* **TASK GOAL**: Set down again exactly the lines of the listing below that fall between the line holding "Black glitter turqoise" and the line holding "New 10 cavities", inclusive.

RECORDS SUPPLIED section start

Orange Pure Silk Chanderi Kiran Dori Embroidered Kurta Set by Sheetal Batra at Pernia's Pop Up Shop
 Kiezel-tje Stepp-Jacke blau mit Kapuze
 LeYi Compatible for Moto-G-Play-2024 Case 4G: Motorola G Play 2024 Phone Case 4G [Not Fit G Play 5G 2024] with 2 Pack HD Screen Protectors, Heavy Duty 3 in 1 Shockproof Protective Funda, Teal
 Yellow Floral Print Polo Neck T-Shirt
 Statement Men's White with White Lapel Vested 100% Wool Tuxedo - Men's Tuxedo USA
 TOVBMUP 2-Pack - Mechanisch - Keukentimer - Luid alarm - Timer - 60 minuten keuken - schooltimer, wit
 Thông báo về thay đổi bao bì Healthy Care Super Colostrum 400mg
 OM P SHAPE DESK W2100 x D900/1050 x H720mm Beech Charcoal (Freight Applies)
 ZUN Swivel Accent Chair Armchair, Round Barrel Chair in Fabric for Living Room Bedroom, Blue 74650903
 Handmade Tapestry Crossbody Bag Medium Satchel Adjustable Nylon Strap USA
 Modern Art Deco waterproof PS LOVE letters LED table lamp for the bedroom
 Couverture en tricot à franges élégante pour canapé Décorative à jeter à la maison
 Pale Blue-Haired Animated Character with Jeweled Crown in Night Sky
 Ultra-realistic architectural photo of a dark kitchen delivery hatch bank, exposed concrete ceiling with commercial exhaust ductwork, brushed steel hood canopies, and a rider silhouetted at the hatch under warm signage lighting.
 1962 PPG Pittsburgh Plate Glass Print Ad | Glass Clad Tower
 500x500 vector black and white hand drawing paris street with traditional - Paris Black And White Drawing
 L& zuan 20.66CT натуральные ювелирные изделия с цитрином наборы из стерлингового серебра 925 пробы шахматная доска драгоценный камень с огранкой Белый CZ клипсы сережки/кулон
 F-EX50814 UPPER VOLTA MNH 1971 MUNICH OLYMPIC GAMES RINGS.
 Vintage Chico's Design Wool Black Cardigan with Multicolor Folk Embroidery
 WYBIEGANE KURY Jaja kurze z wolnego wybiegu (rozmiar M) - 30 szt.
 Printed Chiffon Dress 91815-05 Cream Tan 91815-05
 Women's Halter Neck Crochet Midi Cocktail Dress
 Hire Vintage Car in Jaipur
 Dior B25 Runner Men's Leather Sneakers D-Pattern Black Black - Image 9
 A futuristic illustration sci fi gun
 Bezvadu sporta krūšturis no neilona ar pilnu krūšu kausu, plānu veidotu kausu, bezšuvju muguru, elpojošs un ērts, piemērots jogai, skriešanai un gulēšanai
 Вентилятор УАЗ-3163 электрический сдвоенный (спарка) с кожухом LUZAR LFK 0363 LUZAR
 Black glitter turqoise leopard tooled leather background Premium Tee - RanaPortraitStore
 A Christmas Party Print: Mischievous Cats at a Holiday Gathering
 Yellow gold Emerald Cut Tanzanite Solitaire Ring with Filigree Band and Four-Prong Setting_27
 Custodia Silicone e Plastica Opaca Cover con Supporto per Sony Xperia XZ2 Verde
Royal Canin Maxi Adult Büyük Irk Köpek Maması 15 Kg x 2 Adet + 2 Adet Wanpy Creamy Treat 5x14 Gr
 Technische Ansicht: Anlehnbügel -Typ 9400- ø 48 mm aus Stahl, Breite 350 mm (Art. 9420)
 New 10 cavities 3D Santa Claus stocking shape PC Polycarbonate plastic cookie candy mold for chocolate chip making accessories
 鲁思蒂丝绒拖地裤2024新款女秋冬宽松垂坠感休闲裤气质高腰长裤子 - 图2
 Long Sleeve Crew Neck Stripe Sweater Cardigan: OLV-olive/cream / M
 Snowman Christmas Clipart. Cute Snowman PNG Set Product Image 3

RECORDS SUPPLIED section end

* **EXERCISE SOLUTION**:
 Black glitter turqoise leopard tooled leather background Premium Tee - RanaPortraitStore
 A Christmas Party Print: Mischievous Cats at a Holiday Gathering
 Yellow gold Emerald Cut Tanzanite Solitaire Ring with Filigree Band and Four-Prong Setting_27
 Custodia Silicone e Plastica Opaca Cover con Supporto per Sony Xperia XZ2 Verde
Royal Canin Maxi Adult Büyük Irk Köpek Maması 15 Kg x 2 Adet + 2 Adet Wanpy Creamy Treat 5x14 Gr
 Technische Ansicht: Anlehnbügel -Typ 9400- ø 48 mm aus Stahl, Breite 350 mm (Art. 9420)
 New 10 cavities 3D Santa Claus stocking shape PC Polycarbonate plastic cookie candy mold for chocolate chip making accessories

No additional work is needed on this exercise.